Monday, September 15, 2008

End Drinking Age Restrictions

Will Wilkinson of Forbes writes a convincing, coherent and rational argument in favor of repealing all age limitations on drinking. He argues our current restrictions increase the abuse of alcohol and abandon the principals of individual responsibility and freedom.

UCLA professor of public policy Mark Kleiman, an ex-advocate of age restrictions, told PBS that he came around to the no-limits position when he saw a billboard that said, "If you're not 21, it's not Miller Time--yet." Age limits make drinking a badge of adulthood and build in the minds of teens a romantic sense of the transgressive danger of alcohol. That's what so often leads to the abuse of alcohol as a ritual of release from the authority of parents. And that's what has the college presidents worried. They see it.

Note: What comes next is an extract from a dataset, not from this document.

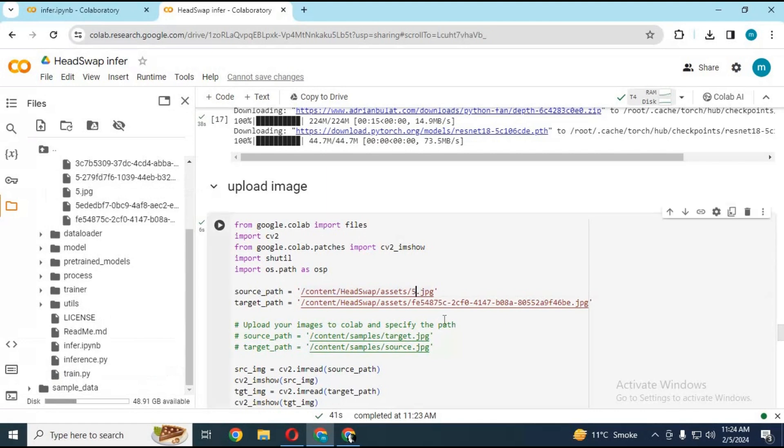Change the name of the source image file and target image file you want to use and run the cell. This will display the pictures you uploaded.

It's too bad the debate is constantly framed around irrational, emotionally led arguments predicting doom and gloom. It's tempting to label the leaders of those arguments as demagogues.

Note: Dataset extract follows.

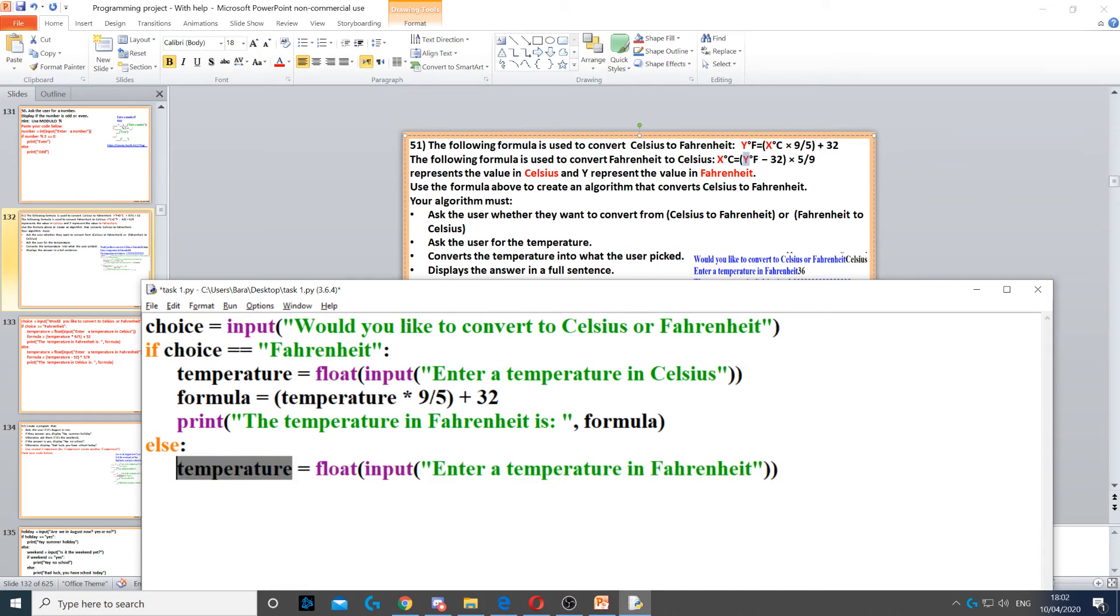So temperature equals float again, because also a temperature which could be a decimal number. The input to ask the question and then enter a temperature in Fahrenheit, so we're going to convert it this time from Fahrenheit to Celsius.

Then there are the car crashes. It is an article of faith among much of the U.S. government that raising the drinking age to 21 averted thousands of grisly traffic deaths. The National Highway Traffic Safety Administration, with deceptive five-figure precision, puts the number at 21,887 through 2002. But even this statistical factoid, the neoprohibitionist trump card, deserves scrutiny. A recent research paper by Harvard economist Jeffrey Miron and his former student Elina Tetelbaum shows that states that raised the drinking age to 21 since 1984, in response to Congress' road-funding threats, enjoyed no statistically significant decrease in traffic fatalities for 18- to 20-year-olds. They point to the decades-long, steady decline in the rate of
traffic fatalities (deaths per billion passenger miles), a decline due in large part to safer cars, improved driver education and better medical technology. Raising the drinking age did little or nothing.

Monday, September 8, 2008

Conservatism w/out GOP Spin

And from Powerline, of all sources. Paul Mirengoff writes:

But some argue instead (or alternatively) that Sarah Palin's credentials are adequate. These arguments are mostly laughable. We are told that she was a courageous whistle-blower. But whistling-blowing isn’t evidence of leadership skill, administrative ability, or familiarity with vital policy issues. We are told that Palin challenged an incumbent governor and called him out for his corruption. But mounting an insurgent’s campaign for governor isn’t evidence of fitness for the presidency either. We are told that she is responsible for her state’s national guard and visited its troops in Iraq. How this amounts to foreign policy or national security experience, or otherwise qualifies Palin for national office, is unclear.
What’s clear is that if Democrats made these sorts of arguments on behalf of a candidate for national office, conservative commentators would excoriate them for it...That's why those who defend Palin's qualifications typically end up moving to more defensible terrain -- the argument that her credentials compare favorably to Obama's. This may constitute an additional reason to vote for McCain, but it's not a defense of McCain's selection of Palin.

Friday, September 5, 2008

Quote of the Week

The problem is the inherent oddity of the incumbent party running on change. Here were Republicans -- the party that controlled the White House for eight years and both houses of Congress for five -- wildly cheering the promise to take on Washington. I don't mean to be impolite, but who's controlled Washington this decade?
- Charles Krauthammer

Monday, August 18, 2008

"Whatever you do to the least of my brethren, you do to Me.” (Matthew 25:40)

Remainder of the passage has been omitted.